I’ve implemented something very similar to fulfill the exact same needs, but specifically within our own scene management framework Troika. It works very well, but I haven’t publicized it to the community because (1) it requires buying into using Troika as a framework for the whole scene, which isn’t something I’m comfortable pushing, and (2) it’s almost entirely undocumented, which is my own failing. But, I’ll point you to its source and describe some of the differences, in case you want to steal any of its ideas. :slight_smile:

Here’s the source code for reference: troika/packages/troika-3d-ui/src at master · protectwise/troika · GitHub

And a couple examples using it:
https://troika-examples.netlify.app/#globeConnections
https://troika-examples.netlify.app/#ui


This does use Yoga, as others have suggested. This gives it full flexbox capability, including sizing that depends on text length. Yoga is delivered as ASM-compiled code which makes it run fast, though I do still run the entire layout process in a web worker to avoid frame drops which is very important in VR.

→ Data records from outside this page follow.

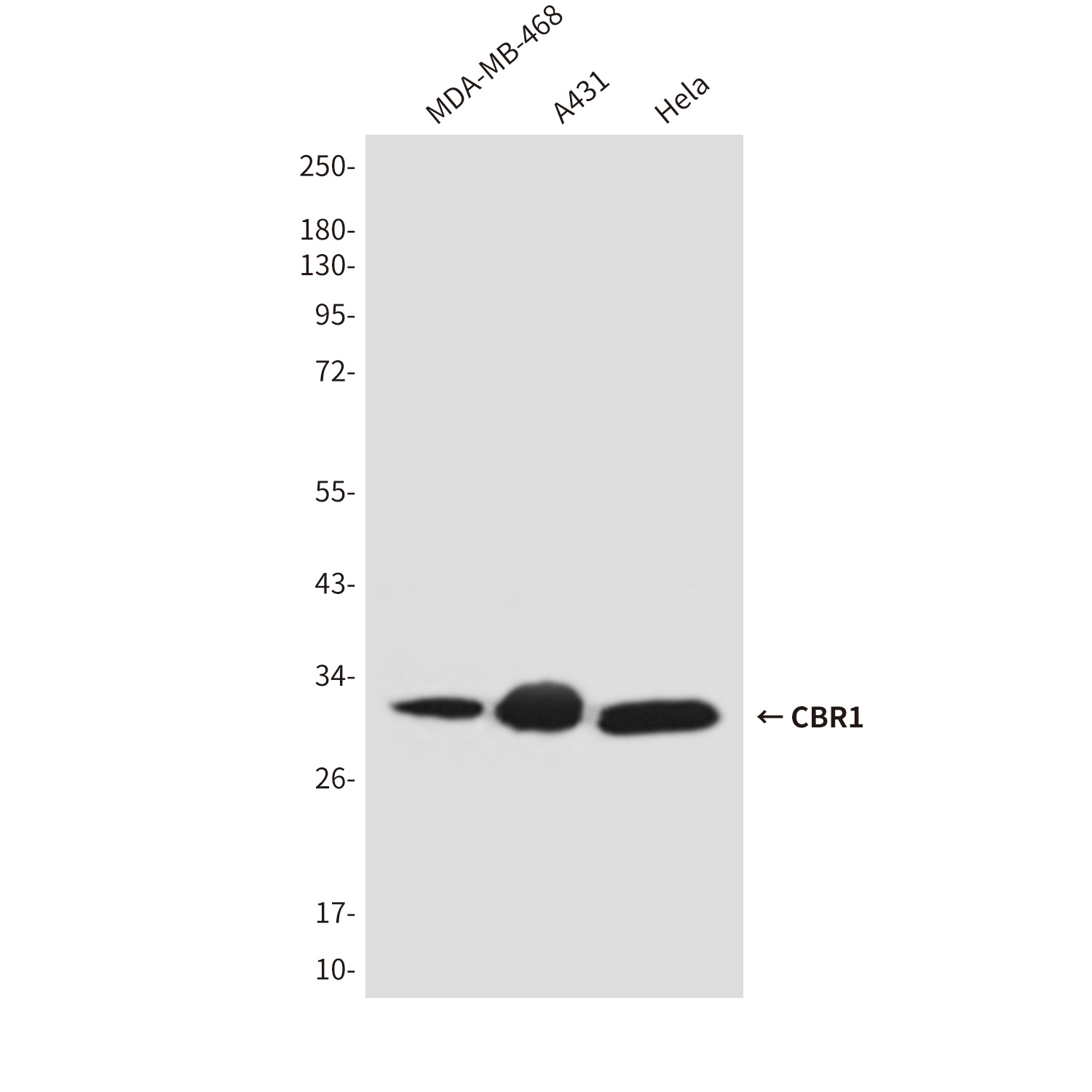 CBR1 Antibody
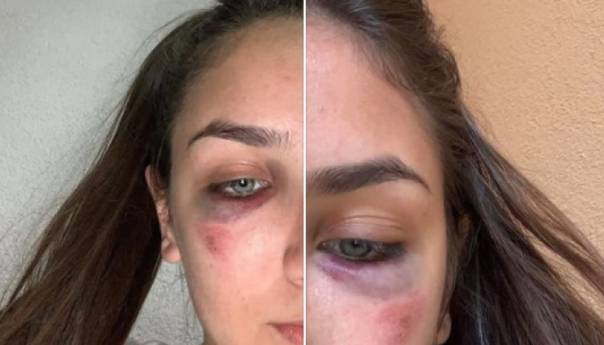 Reprezentativke BiH u karateu Ema i Ena Selman pretučene u svom stanu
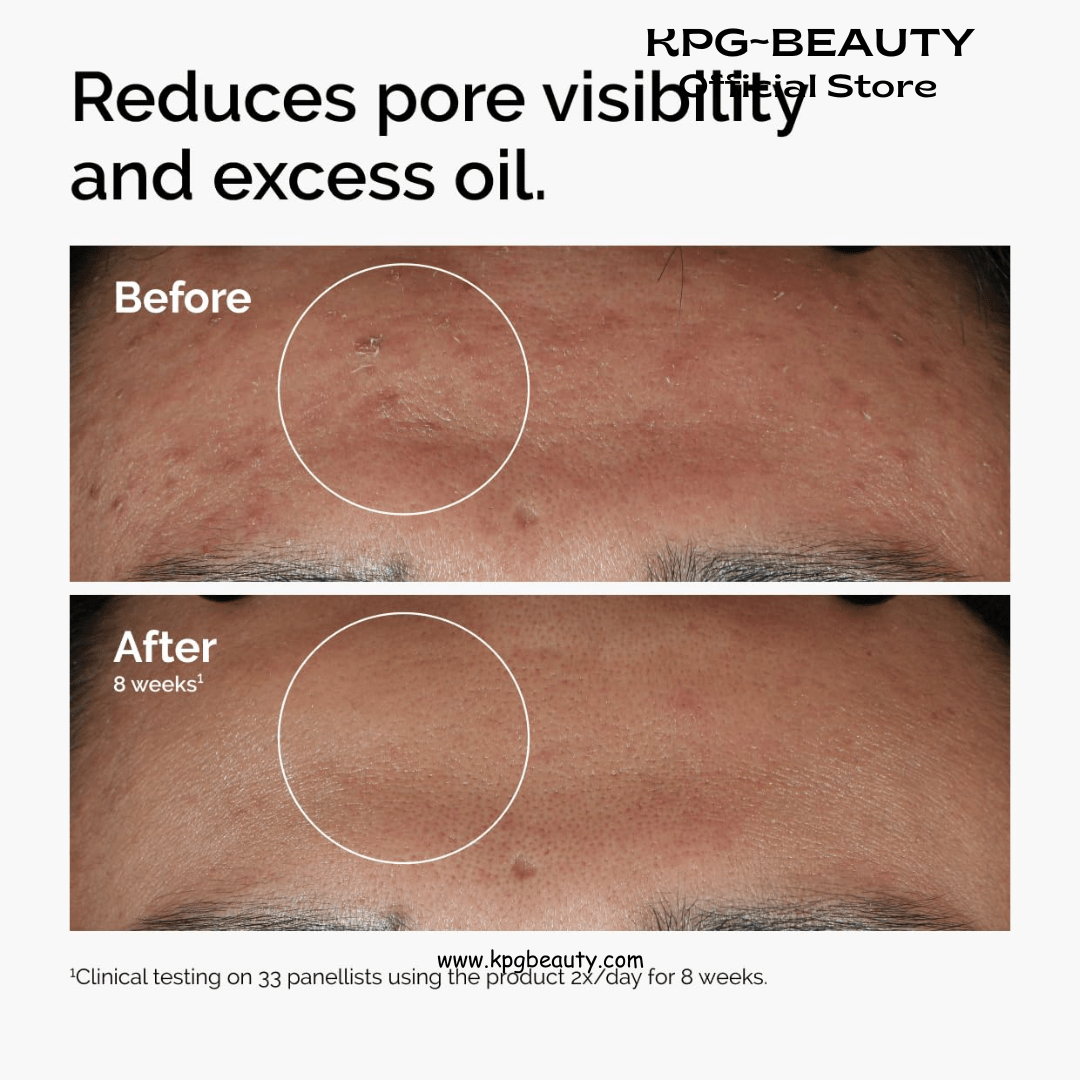 The Ordinary Niacinamide 10% + Zinc 1%, Brightening & Smoothing Serum for Blemish - Prone SkinThe Ordinary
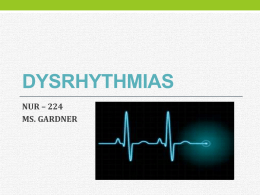 DYSRHYTHMIAS - Vincent's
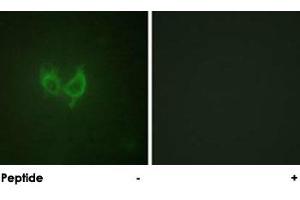 Immunofluorescence analysis of HUVEC cells, using MARK2 polyclonal antibody . (MARK2 antibody)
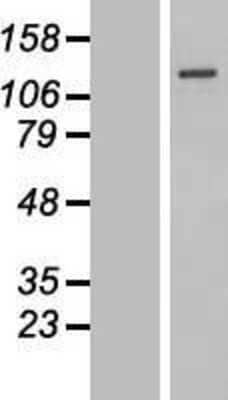 Western Blot: SENP7 Overexpression Lysate [NBP2-06609]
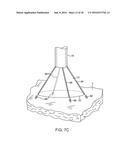 Systems And Methods For Unobstructed Visualization And Ablation diagram and image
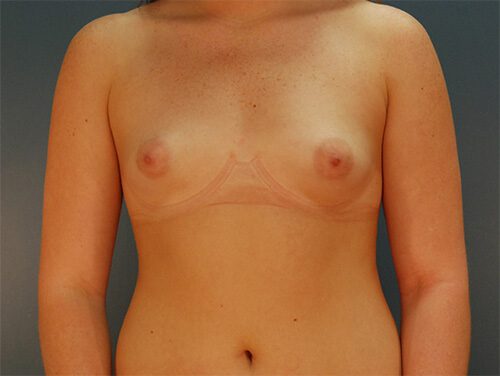 Case--4754 | Before Breast Augmentation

The main downside of Yoga is that it’s big. Like >350K big. I’m hoping that improves with Emscripten compiler improvements but can’t count on it. I haven’t found any smaller solutions that have anywhere near its capability.

For building the UI structure I’ve chosen an abstraction where you can “decorate” any component as a FlexNode. I provide builtin decorated FlexNode components for 2D panel blocks, but you can also wrap any 3D object this way to let it participate in the overall flexbox layout. So for example you could have a globe of the earth that flexes within the layout and is sized to fit in its resulting box, but isn’t constrained to a 2D plane.

For common flat 2D panels, it supports backgrounds and borders with solid colors or image textures via the material. It also supports border-radius for each corner. Currently it does this by modifying the fragment shader, which works well enough but has the downside of requiring the material to be transparent and strictly controlling the renderOrder to get proper antialiasing. I’ve got ideas to improve that in the future.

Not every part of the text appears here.